Our Cyclical Love-Hate Relationship with Equities

By |2019-02-11T12:44:52-05:00January 17th, 2019|Blog|

“My counsel about the equity market is based more and more on an appreciation of the longest cycles in investor emotion, from euphoric speculative madness (1929, 1968, 2000) to generational hatred and disgust, which may persist for years (1937, 1979, 2009), and back again.”

– NICK MURRAY

Investors around the world have always had a “Love-Hate” relationship with equities. We can’t help ourselves. Sometimes we become so euphorically infatuated with our stocks that we can’t contain ourselves, just like we were back in 1999. Other times, we feel such a terrible sense of hatred and contempt for our shares that we can barely even look at our monthly brokerage statement. As suggested by Nick Murray in the quote above, the wise investor does well to observe the current state of the relationship between company shares and those who own them and to understand that the relationship will have ups and downs.
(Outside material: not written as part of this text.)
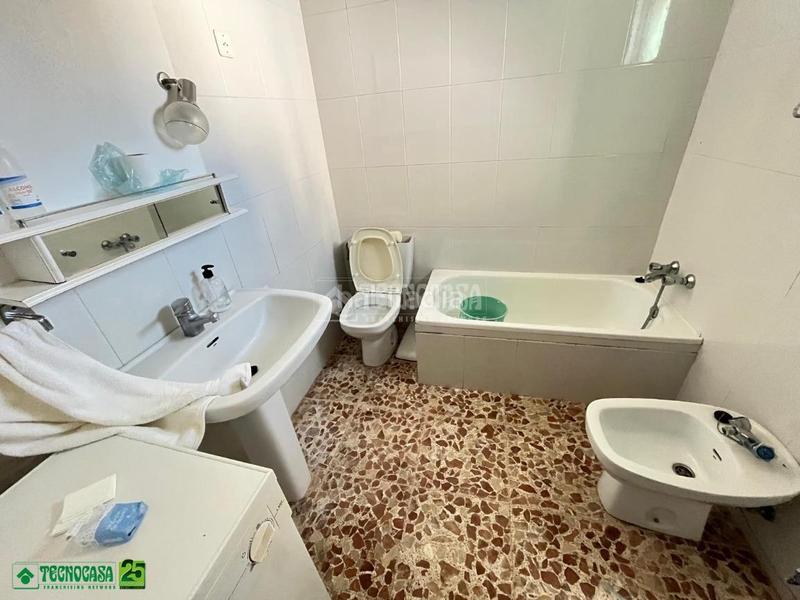 Foto e964abf5-02ce-4cb9-a6e3-b90897d78e37. Casa aparellada a Pozuelo de Calatrava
It is often just when the relationship is faring well, like in 1999, when we should brace ourselves for an ugly breakup that ends in tears and may take years to resolve. And it is just when things seem like they couldn’t get any worse, like in 2008, when the sparks of a new love affair are about to appear.

These cycles of investor emotion can take years to play out. When the cover of Business Week famously announced “The Death of Equities” in August of 1979, the stock market promptly began one of the greatest and longest bull markets in history, lasting for 20 years. Then, just when our love affair with stocks reached a hot-blooded peak back in 1999, the we found ourselves in a tough battle for the next decade.

In thinking about the current environment for stock prices, it seems that we are somewhere between the deep cultural revulsion of stocks that was common back in 2008 and the type of crazed speculation that was a feature of 1999. In this part of the long emotional cycle, it is best to ignore the interim corrections and pullbacks in share prices. These temporary episodes are invariably opportunities to accumulate more equities or, at very least, to simply ride it out until the recovery comes.

Of course, we wouldn’t dream of predicting where investors are currently this cyclical relationship as human emotion is much too hard to predict. We may be close to the peak of our love affair with stocks, or we may not even be halfway there. What we do know is that the S&P 500 recently corrected by about 19 percent between September and December of 2018, an occurrence that is historically fairly common (the S&P 500 has corrected by over 10 percent a total of 75 times since World War II). The response of investors everywhere has been to freak out with fear. We may be wrong, but it doesn’t seem like crazed speculation is a feature of today’s equity market.  In fact, it doesn’t even feel close.